Justo sonrió y negó con la cabeza.

―No digas eso, amor. Me ayudas demasiado, en serio ―dicho esto, Justo volteó a verlo―. Eres más de lo que merezco.

Andrés apretó los puños. Su voz comenzaba a temblar.

―Pero podría hacer más. Podría ayudarte con los gastos. En serio, sólo préstame el periódico y...

―Basta, Andrés ―espetó Justo, con una voz inusualmente seria y fría―. No quiero que salgas a la calle ni que algo malo te pase. No necesitas estar en ningún lado más que aquí, ¿me entendiste?

Andrés tragó saliva, asintió y no dijo más. Discretamente se limpió las lágrimas del rostro y siguió lavando. No era la primera vez que sugería algo similar, y tampoco la primera vez que obtenía esa respuesta. Pero mientras él no trabajara y no pudiera solventar sus gastos, no podría abandonar a Justo. Seguiría atado a él por siempre, y Justo lo sabía. Esa era la razón por la que no lo dejaba trabajar ni salir de casa. No podía siquiera imaginar cómo sería su vida sin Andrés. No podía dejar que se fuera o que alguien se lo arrebatara. No lo permitiría.

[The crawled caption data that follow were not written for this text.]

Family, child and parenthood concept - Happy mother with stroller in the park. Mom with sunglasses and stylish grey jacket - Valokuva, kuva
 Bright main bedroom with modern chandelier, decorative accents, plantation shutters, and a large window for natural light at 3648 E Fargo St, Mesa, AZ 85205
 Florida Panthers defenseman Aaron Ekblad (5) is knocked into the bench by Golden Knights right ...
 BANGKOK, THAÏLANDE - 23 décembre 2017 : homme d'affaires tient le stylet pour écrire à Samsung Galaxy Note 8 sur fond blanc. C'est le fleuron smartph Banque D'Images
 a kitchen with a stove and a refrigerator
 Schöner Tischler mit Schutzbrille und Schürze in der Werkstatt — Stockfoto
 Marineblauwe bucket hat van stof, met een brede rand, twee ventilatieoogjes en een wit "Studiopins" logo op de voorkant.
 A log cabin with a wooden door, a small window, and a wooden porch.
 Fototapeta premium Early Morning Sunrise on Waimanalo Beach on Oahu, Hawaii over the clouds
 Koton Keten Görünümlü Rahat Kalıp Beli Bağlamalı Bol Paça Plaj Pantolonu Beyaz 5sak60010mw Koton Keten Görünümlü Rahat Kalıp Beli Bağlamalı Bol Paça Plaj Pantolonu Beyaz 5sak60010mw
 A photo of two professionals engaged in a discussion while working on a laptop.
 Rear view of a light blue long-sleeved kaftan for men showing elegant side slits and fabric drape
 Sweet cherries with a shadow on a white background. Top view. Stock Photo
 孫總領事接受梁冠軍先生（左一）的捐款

Esa noche, Justo se cogió a Andrés con más fuerza que nunca, descargando su ira en cada embestida, en cada choque de sus muslos contra las nalgas de su amante. Y Andrés tuvo que morderse el brazo para que Justo no lo escuchara llorar, por error haciéndolo creer que lo estaba disfrutando. Justo se vino casi de inmediato dentro de él y se acostó a su lado, dándole la espalda. Andrés, por su parte, siguió llorando en silencio, prácticamente sin moverse, contemplando cómo la luna llena se ocultaba tras las nubes a través de su ventana.